Citons quelques chiffres  : environ 20 % des agents du ministère de l’Écologie et de l’Équipement étaient en grève, tout comme 23 % des personnels de Météo France, 28 % des effectifs de la Poste, 18 % des salariés d’Orange – le même niveau qu’en 1995- 60 % de ceux d’EDF avec notamment 30 à 50 % de grévistes dans les services centraux et administratifs.

Au sein des manifestations également, de nombreux primo-manifestants, issus notamment du secteur des banques et des assurances Dans l’éducation, la journée a mobilisé 65 % des professeurs de collèges et lycées. Parmi eux, Thomas Mazuret, professeur d’histoire et de lettres dans un lycée professionnel des Hauts-de-Seine qui dénonce une réforme où «  tout le monde est perdant  ».

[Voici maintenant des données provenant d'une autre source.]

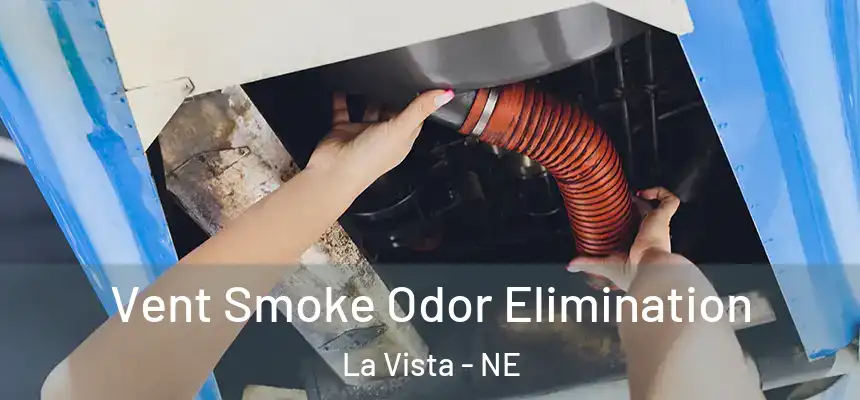  Vent Smoke Odor Elimination La Vista - NE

Au soir de la mobilisation du 19 janvier, les huit organisations syndicales, pour qui cette « puissante mobilisation (…) oblige au retrait » a appelé à une nouvelle journée de grèves et de manifestations le 31 janvier et souligné le succès de la pétition intersyndicale  : plus de 740 000 signatures comptabilisées en huit jours. Pétition · Retraites  : non à cette réforme injuste et brutale !

Entre les deux dates, dix jours, notamment pour débattre de la poursuite des actions et des grèves, y compris reconductibles, dans les Ieg (Industries électriques et gazières), à la Sncf ou dans le secteur des raffineries. « Dix jours qu’il faut également mettre à profit pour faire le travail de déploiement et élargir la mobilisation », a expliqué Sophie Binet, secrétaire générale de l’Ugict-Cgt lors de la dernière Commission exécutive, reprenant le sens de l’adresse aux organisations. https://ugictcgt.fr/adresse-retraites/

Auprès des femmes, pénalisées par toutes les mesures d’âge, y compris les femmes cadres qui perdraient tout ou partie du bénéfice lié à la validation de trimestres pour enfants élevées. Auprès des jeunes, fortement impactés par la réforme du fait de leur entrée tardive dans la vie active, de leur parcours professionnel chaotique et de la non-prise en compte des années d’études pour les diplômés, comme en témoigne Vi, salariée dans l’industrie des jeux vidéo.

Tous seraient perdants, y compris les Ictam (Ingénieurs, cadres, techniciens et agents de maîtrise) qui, contrairement à ce qui est dit, ne sont pas épargnés et dont la situation est instrumentalisée pour diviser le salariat. Cotisants de l’Agirc-Arrco, tous les salariés du privé seraient en effet obligés de travailler une année de plus pour atteindre le taux plein dans les régimes complémentaires et éviter un abattement sur le montant de leur pension (-10 % pendant trois ans).

Au sein de ce groupe, les cadres et assimilés seraient d’autant plus pénalisés que la pension complémentaire représente 50 % de leur pension totale, contre 26 % pour les ouvriers et les employés. Or, ils paient déjà les réformes précédentes au prix fort  : selon les données des services techniques de l’Agirc-Arrco (2021), la pension nette d’un cadre liquidant sa retraite en 2062 ne représenterait déjà plus que 51 % de son dernier salaire, contre 67,2 % en 2020 et 72 % dans les années 1990. Si elle devait être mise en œuvre, la réforme ne ferait qu’accélérer cette chute programmée.